* PROBLEM REQUIREMENTS *
Copy exactly the lines of the records below, starting at the line that contains "카츠리코킨텍스 이미지" and continuing through the last line, both included; omit any pictures.

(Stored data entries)
==============================

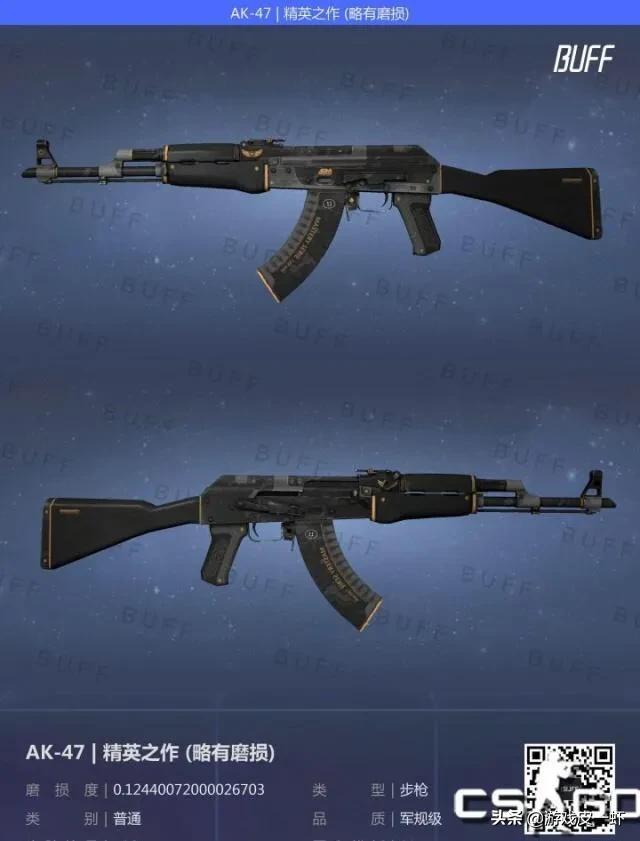 基伍树蝰:csgo里面有哪些枪和刀好看但不贵？有什么推荐吗？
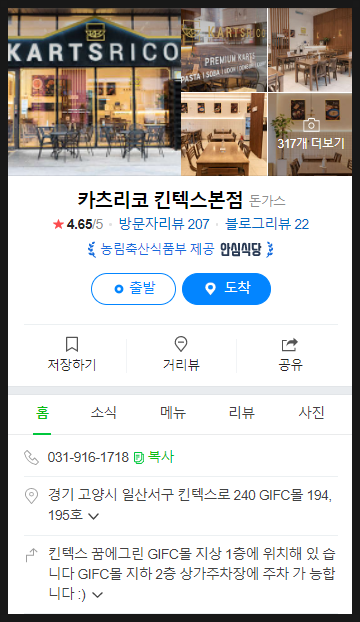 카츠리코킨텍스 이미지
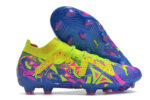 Puma Future Ultimate FG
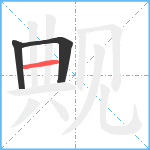 觍笔顺分解图片3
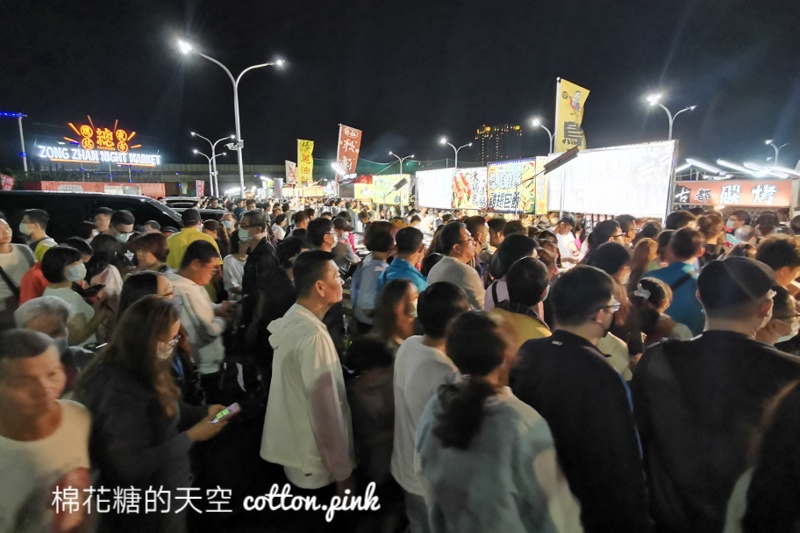 台中捷運總站夜市重新開幕!記得捷運不要坐到總站~現場攤位回顧,最新停車資訊看這邊 台中捷運總站夜市重新開幕!記得捷運不要坐到總站~現場攤位回顧,最新停車資訊看這邊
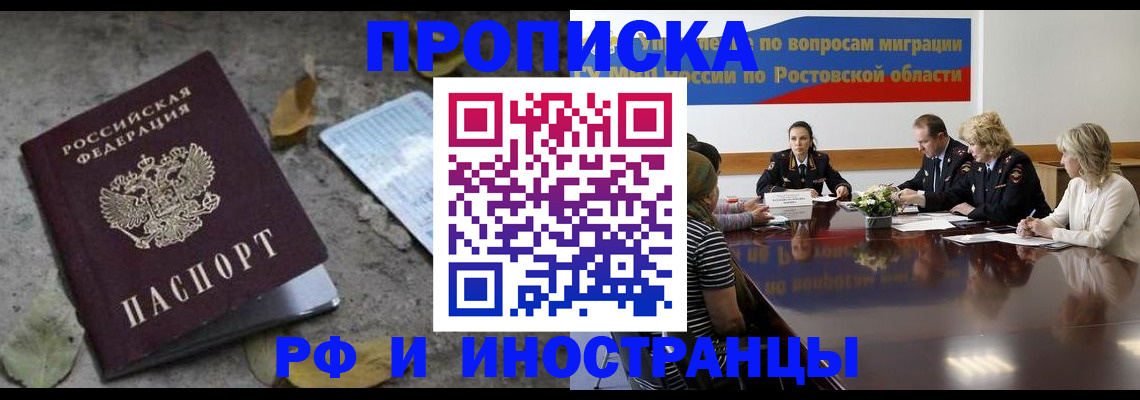временная регистрация 2025 в Алапаевске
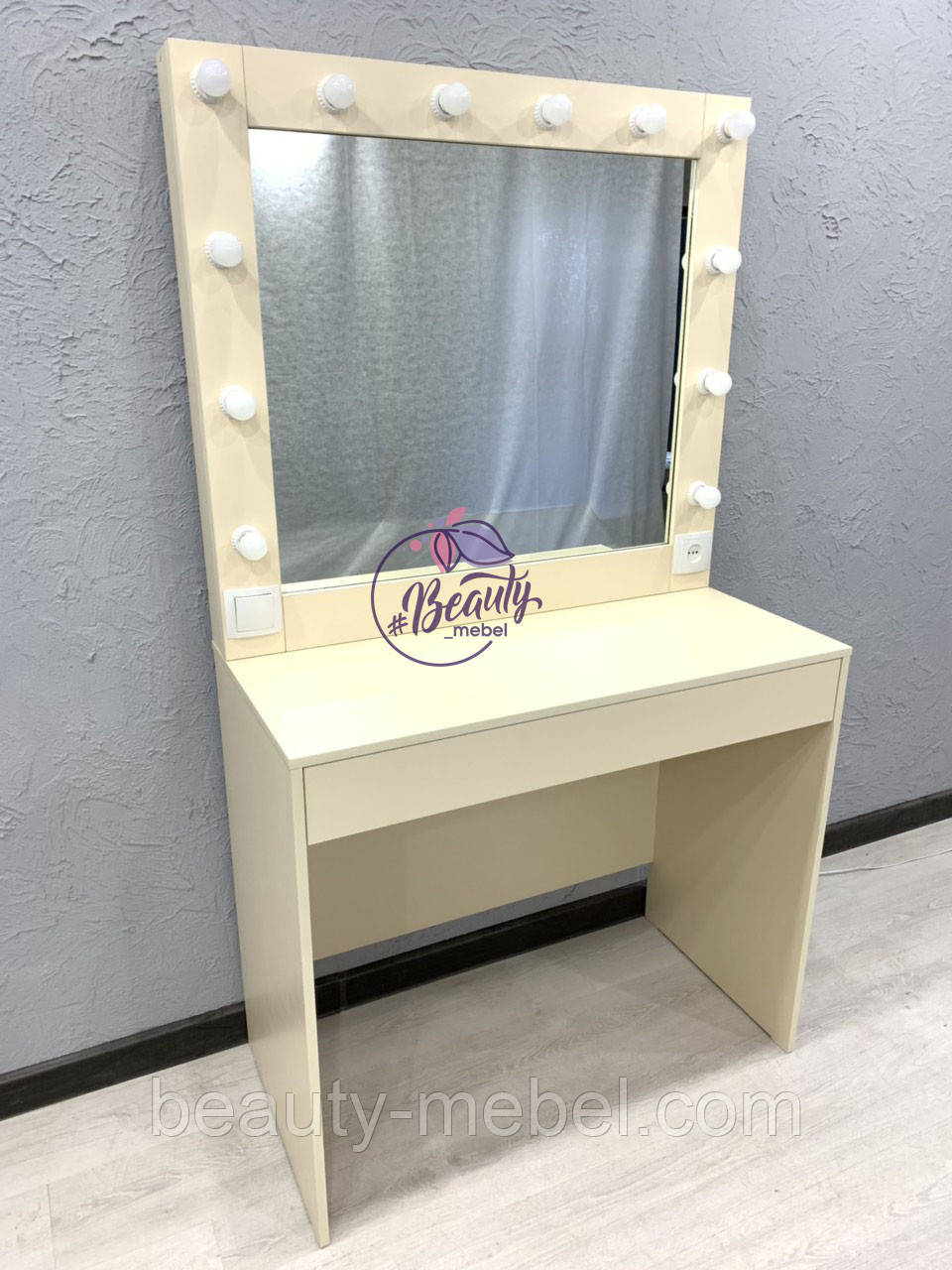 Гримерный столик кремового кольору з дзеркалом і лампами, фото 1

==============================

* EXERCISE RESPONSE *
 카츠리코킨텍스 이미지
 Puma Future Ultimate FG
 觍笔顺分解图片3
 台中捷運總站夜市重新開幕!記得捷運不要坐到總站~現場攤位回顧,最新停車資訊看這邊 台中捷運總站夜市重新開幕!記得捷運不要坐到總站~現場攤位回顧,最新停車資訊看這邊
временная регистрация 2025 в Алапаевске
 Гримерный столик кремового кольору з дзеркалом і лампами, фото 1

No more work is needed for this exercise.